Life sentence for Bromsgrove pizza shop owner who killed wife to 'cover up' her disappearance

Nezam Salangy killed his wife Zobaidah in 2020
Nezam Salangy killed his wife Zobaidah Salangy Credit: West Mercia Police/PA Media

A pizza shop owner from Worcestershire who killed his wife and buried her body in a makeshift grave, has been jailed for life with a minimum term of eighteen years.

Nezam Salangy, who is 44, and from Austin Road in Bromsgrove, claimed that his 28-year old wife Zobaidah Salangy, had gone for "a run", and left him for another man, and that she was still alive.

A trial at Worcester Crown Court was told Salangy pretended to have no knowledge of her whereabouts, until she was found in a grave six months later.

Zobaidah Salangy Credit: PA Images

He continued to protest his innocence in court as he tried to use bank accounts and phone messages as fake leads, to deceive others into thinking Zobaidah was still alive.

Salangy, who is originally from Northern Afghanistan, is believed to have attacked and killed his wife of eight years, at their pizza business.

Mohammed Yasin Salangy and Ramin Salangy Credit: West Mercia Police

His brother Mohammed Yasin Salangy, who is 34, was involved in planning the cover-up. He was jailed for four years and nine months.

Another younger brother, Mohammed Ramin Salangy, who helped move and bury the body, was jailed for six years.
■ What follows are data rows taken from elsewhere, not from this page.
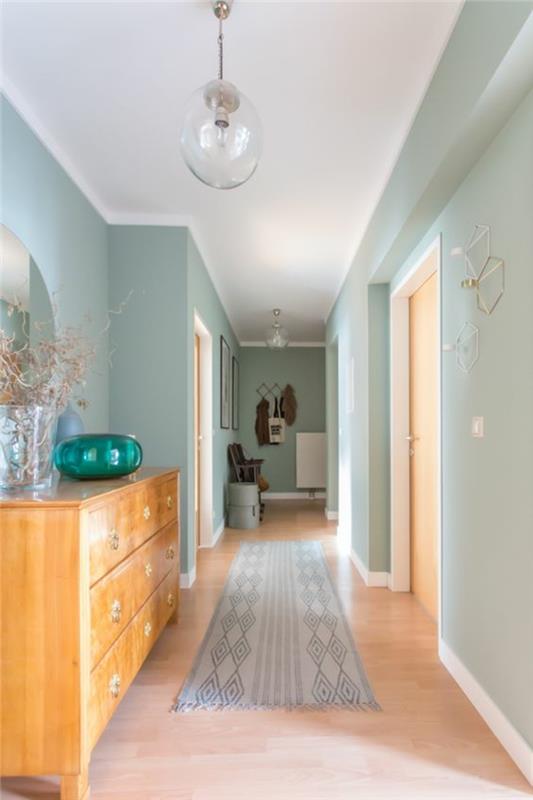pastelinės mėlynos ir baltos spalvos koridoriaus apdaila su šviesiai pilkos ir baltos spalvos kilimu, rutulio formos grindų lempa iš skaidraus stiklo, pastelinės mėlynos sienos, didelė šviesios medienos spintelė su dekoratyviniu dubeniu iš smaragdo žalio stiklo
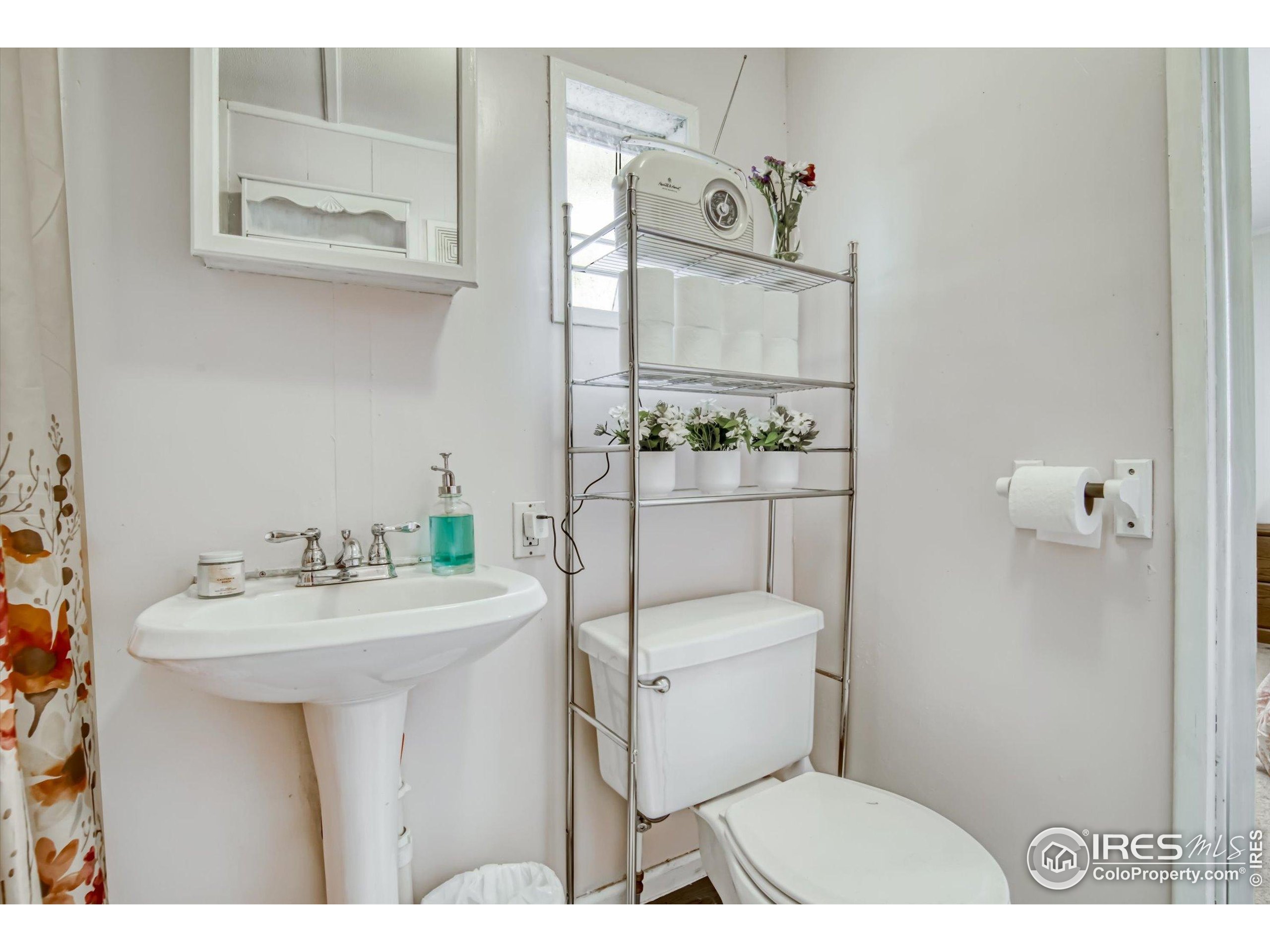 5000 Butte Street, Unit 272 Boulder, CO 80301 - Photo 15 of 21 a bathroom with a sink toilet and mirror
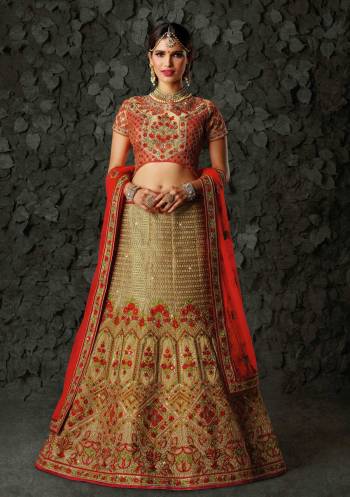 Grab This Beautiful Designer Heavy Lehenga Choli In Red Colored Blouse Paired With Beige Colored Lehenga And Red Colored Dupatta. Its Blouse and Lehenga Are Fabricated On Art Silk Paired With Net Fabricated Dupatta. It Has Heavy Embroidery All Over The Attire. Buy Now.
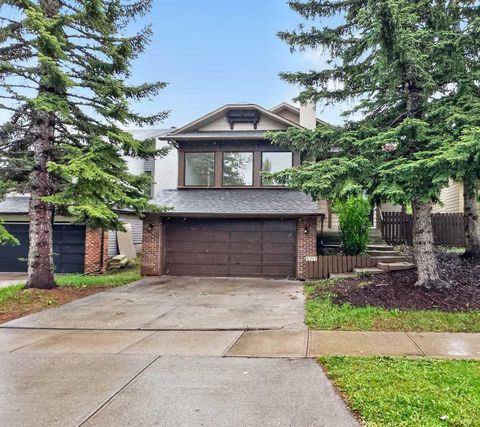 Photo of 1091 Berkley Drive NW, Calgary, AB T3K 1S6 (MLS # A2314611)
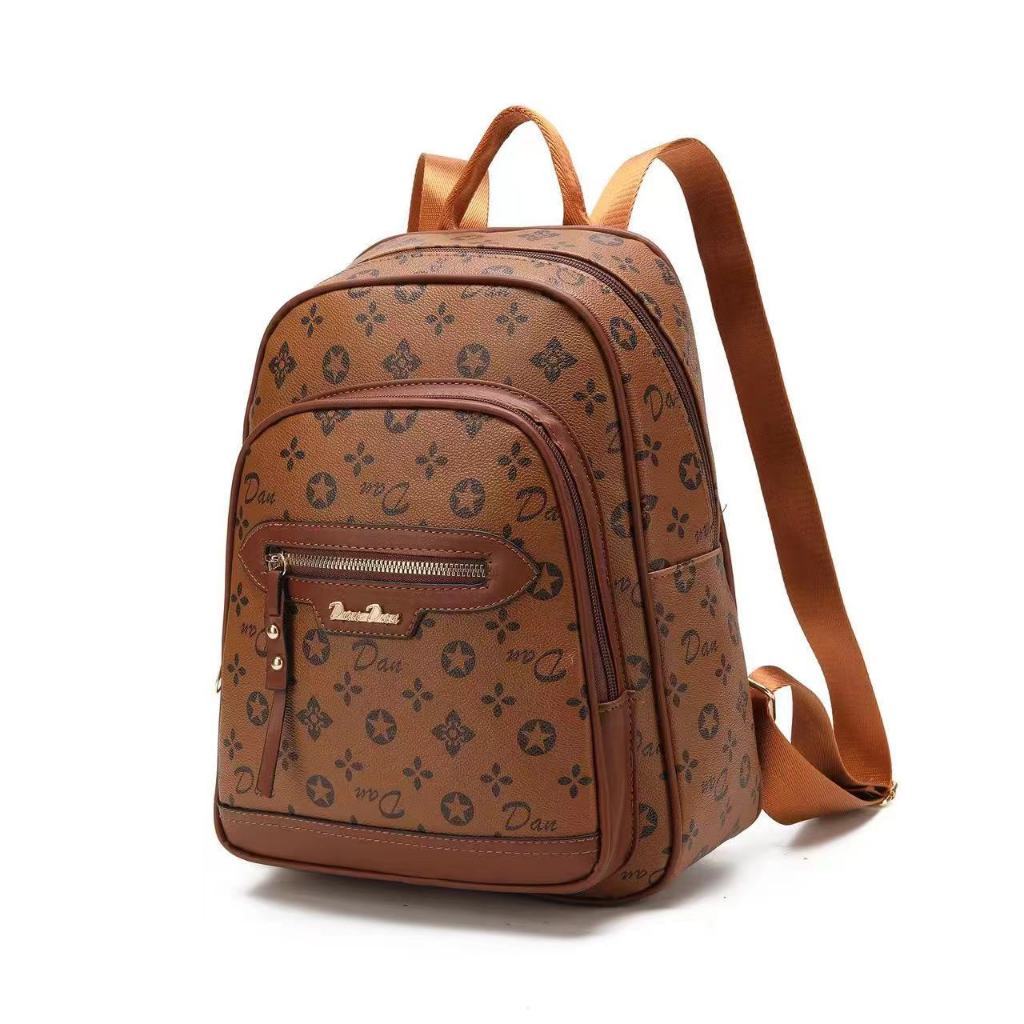 backpack with leather diamond Here's What the Diamond Tab on Your Backpack Is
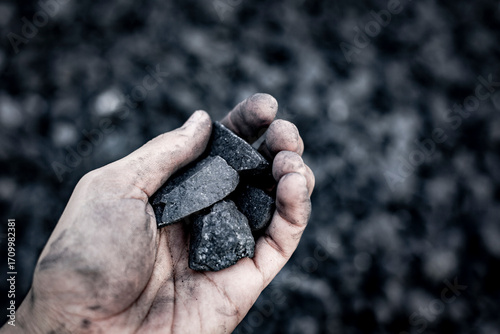 Black coal in hand. Thermal energy industry. Heating. Mineral raw materials. Natural energy stones.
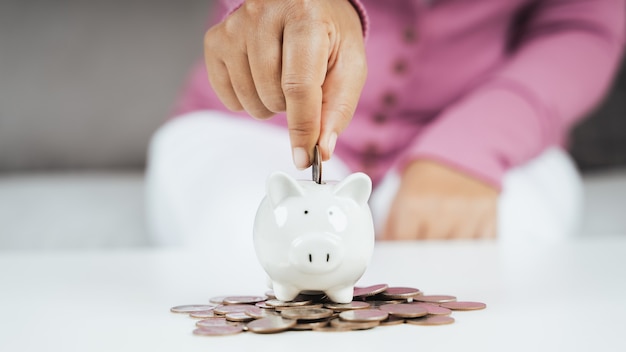 Primer plano de la mano de la mujer de negocios poniendo monedas de dinero en la hucha para ahorrar dinero. Ahorro de dinero y concepto financiero.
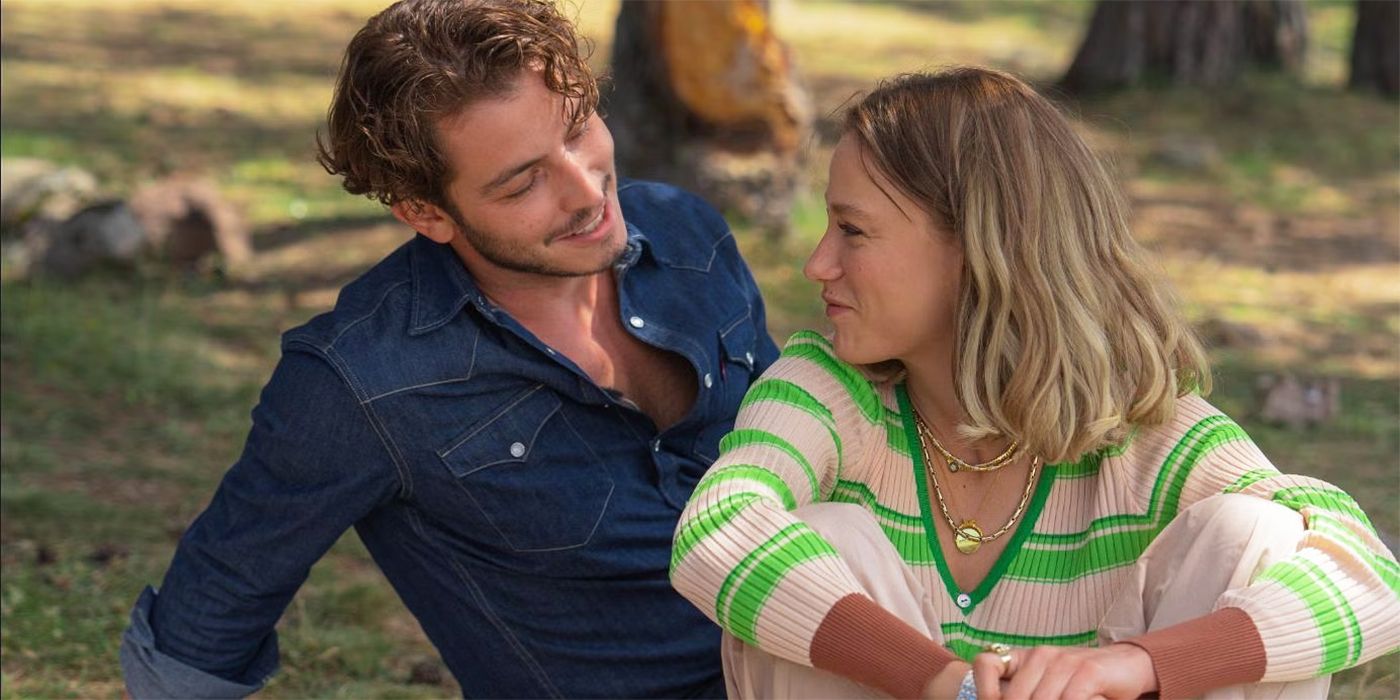 A man looking at a woman lovingly while they sit on the ground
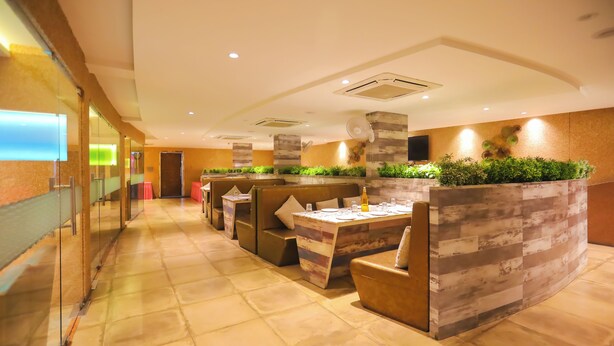 Un restaurant moderne avec des banquettes, un long comptoir et un mur décoratif agrémenté de plantes.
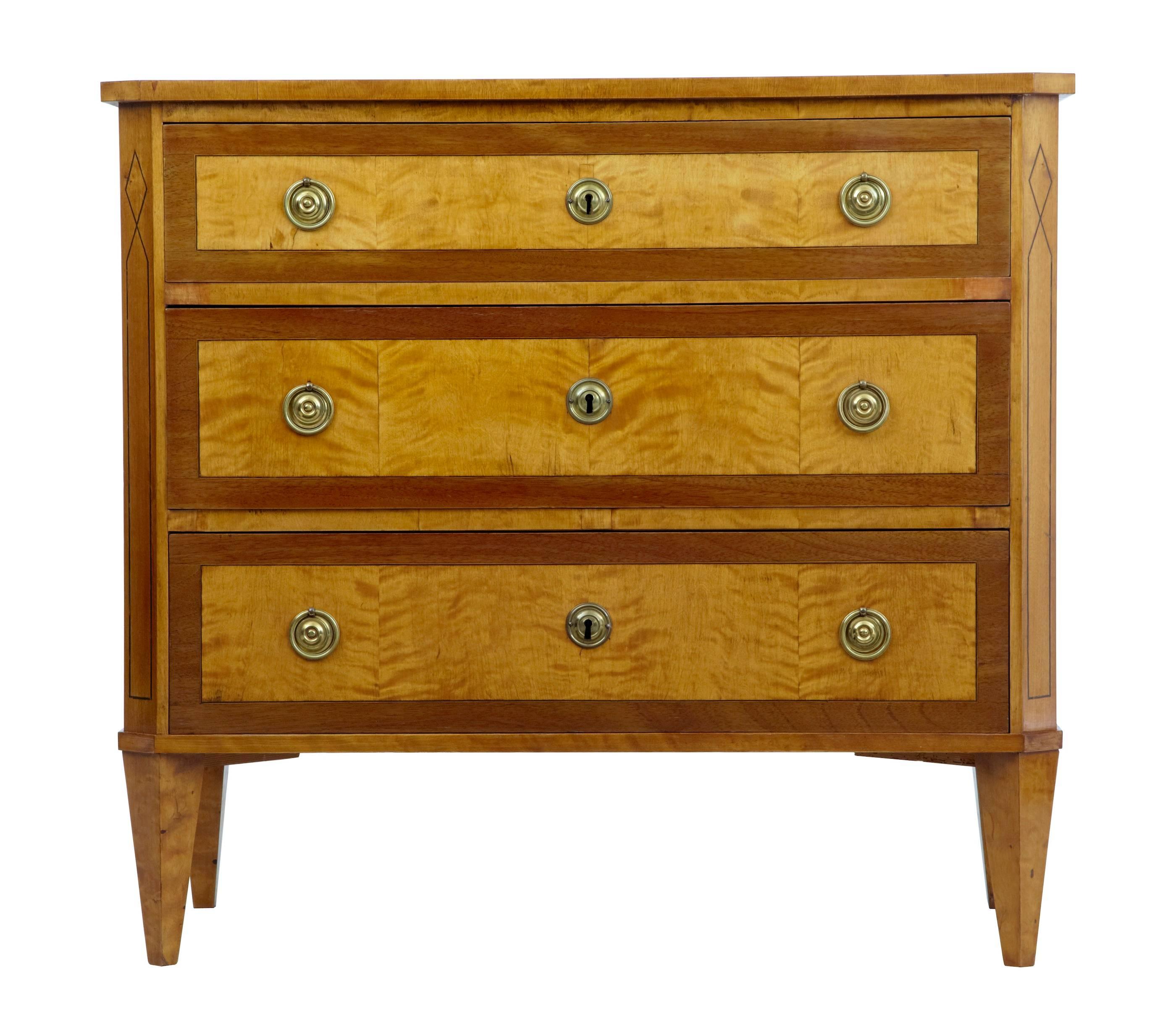 Excellent quality chest of fine proportions, circa 1890.
Three drawers cross banded with mahogany.
Good rich colour and patina with stringing to the canted corners.
Standing on tapered legs.

Height: 33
The brothers from Adamscroft Place in Caerphilly near Cardiff, were both convicted last month of assisting an offender.

How did Zobaidah Salangy die at the hands of her husband and his family ?

- The men's trial was told that Nezam killed his wife on March 28th 2020.

- He then rang his brothers asking for help to dispose of her body.

- Mohammed Ramin travelled to Bromsgrove by taxi to help hide his sister-in-law's body, under the pretence of delivering a part for a broken pizza oven.

Salangy then reported his wife missing to police, saying "she had gone out for a run and never come back" after leaving him for a "new boyfriend".

Mr Justice Hilliard accepted that both younger brothers, who each served alongside Allied forces in Afghanistan, were suffering from post-traumatic stress disorder.

Nezam Salangy Credit: West Mercia Police

He told Nezam Salangy:

"It's plain that the marriage had been unhappy for some time."

He ruled that Salangy had considered killing his wife before the murder, and told him:

"I am sure that you had been violent to her, slapping her on occasions with an open hand and pulling her hair, which made her cut it short.

"Zobaidah had contemplated taking her own life and it is desperately sad that it had come to that.

"In one recording (found after the murder) you appeared to rule out a divorce and said that either she died or you did.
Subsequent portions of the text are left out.